In To Speak Is Never Neutral, the psycholinguist (psychoanalytic linguist) and semiotician Luce Irigaray examines the language of schizophrenics in order answer her question “does schizophrenic discourse exist?” In her study, Irigaray notes that language

includes a class of elements that permit passage from, or conversion of, language into discourse. These elements have a double function: on the one hand, they are part of language defied as a system of signs, and as the syntax of their combinations; on the other had, they belong to language as activity manifested in instances of discourse.

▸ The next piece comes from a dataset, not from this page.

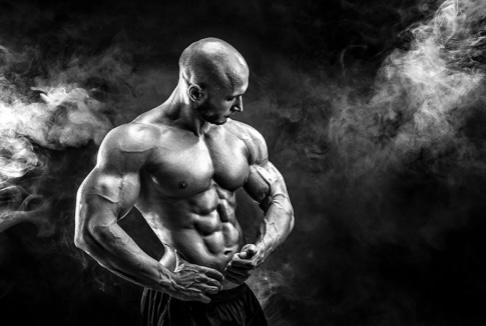 Best Natural Muscle Building Supplements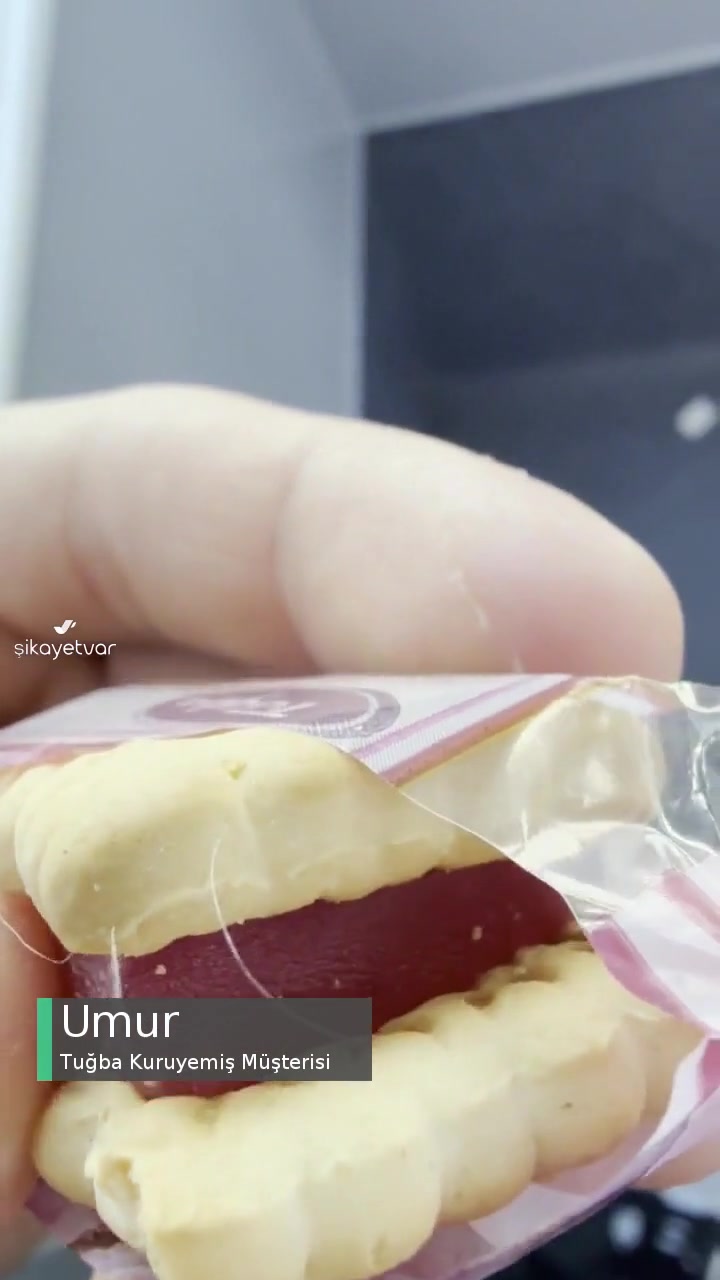 Tuğba Kuruyemiş Saçlı Ve Kıllı Bisküvi videonun kapak resmi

Discourse, then, may be conceived of as those elements of a language that refer not only to the structure that signifies and which conveys language with significance, but as that which assumes – in making general reference to certain unspecified ‘givens’ about the episodic place of enunciation – the very totality of the context in which the subject’s enunciation takes place. In so doing, particularised discourse indices (for example, the personal index of the ‘I-you’ relation, or demonstrative or place indices such as ‘this’ or ‘here’ – things that would only make sense to an immediate party to the enunciation) enable one to examine what may be called the ‘immediacy’ of the subject’s subjective experience.

Speaking generally, and hypothetically, then, it could be that a subject whose enunciation of certain discourse indices is frequent may suggest a certain immediacy of subjective experience; an awareness of their present, both temporally and ontologically.Alternatively, a subject whose enunciation of discourse indices is infrequent may suggest that their subjective experience is in some way ‘disconnected’ – that their narration of time takes place in ‘another place’, whose character reveals itself as symptomatic of depression or some other mental condition.